From the Autumn 2018 issue of Living Bird magazine. Subscribe now.

Consider the sky. Between the treetops and the moon lies a layer cake of opportunities for a migrating bird. We can’t see them or feel them, but they are there: bands of warm and cool air; headwinds, tailwinds, crosswinds. Mist, fog, clouds, rain. Winds that push migrants on course or off, or sweep insects together like a broom.

To put it simply, air is habitat. But it’s only recently that ornithologists—after generations of cataloging earth and ocean into ever-finer habitat types— have begun to consider it as such.

“It probably bucks what most people think of as a habitat,” says Kyle Horton, a postdoctoral researcher at the Cornell Lab of Ornithology. “It’s not land and it’s not water, but it’s still something that birds make use of.”

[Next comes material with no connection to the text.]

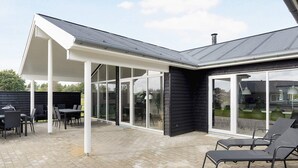 A covered patio area with outdoor furniture and a glass enclosure. - 5 Star Holiday Home in Albaek (Aalbaek)
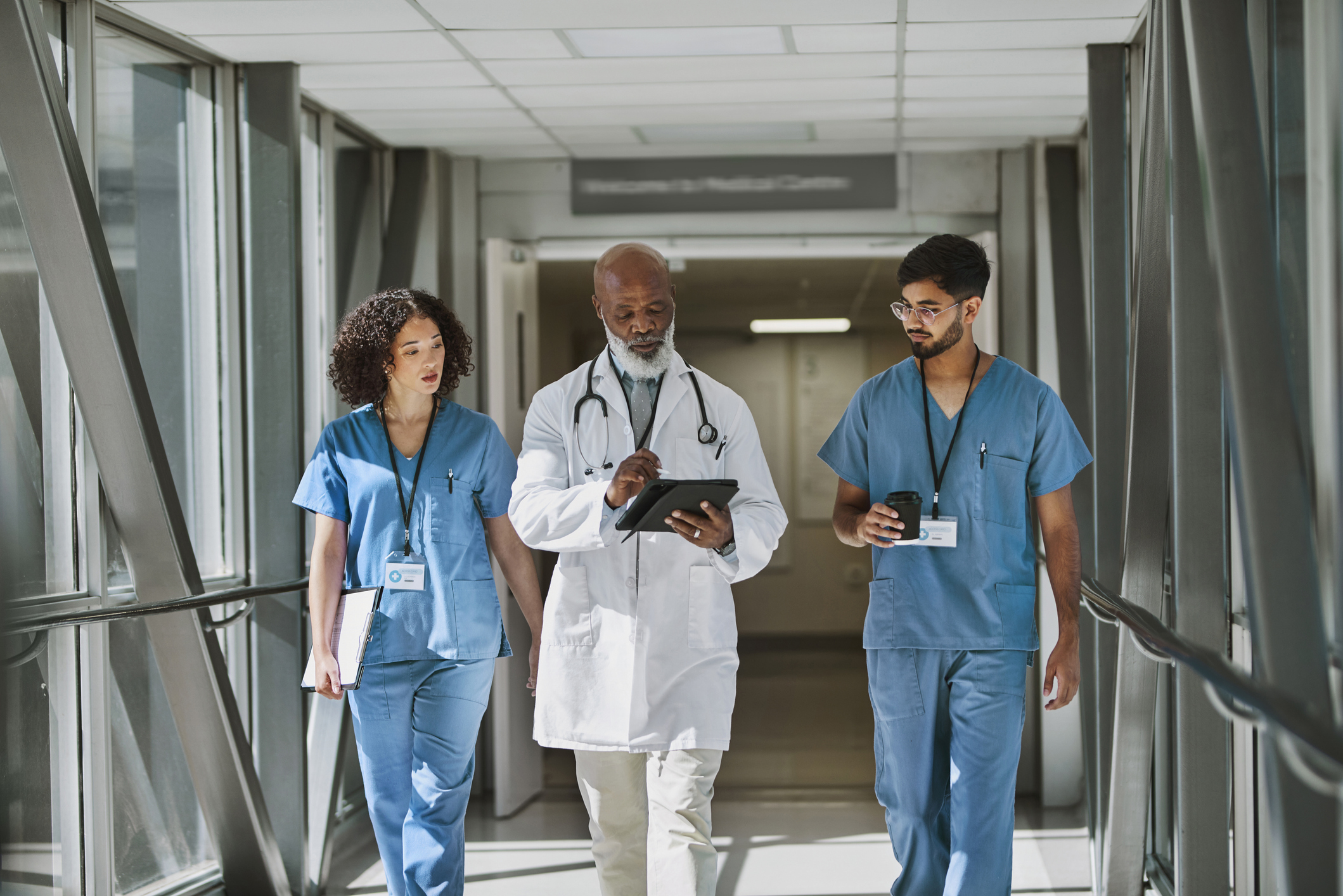 Senior doctor using digital tablet, walking with nurses in hospital corridor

Historically, Horton says, we’ve thought of the air as something birds move through between habitats. As an example, check what a bird guide like All About Birds has to say about aerial species like Purple Martins: Habitat type—towns, cities, forest edges, ponds, marshes. Not air.

But that’s changing. In 2013, U.S. Geological Survey ecologist Robert Diehl called into question this reluctance to accept airspace as habitat. Sure, it’s invisible to us, he noted, but it’s still a swirling mixture of wind, temperature, precipitation, light, and magnetic field, with just as much potential to concentrate resources as any ocean current. He closed his paper with a sly parting shot: “Either the airspace is habitat or flying animals are exceptional for their ability to be outside it.”

This reassessment is not limited to aerialists like swooping swallows and skydiving swifts. Even birds that seem positively earthbound, like Ovenbirds and Grasshopper Sparrows, become connoisseurs of the atmosphere twice a year during migration.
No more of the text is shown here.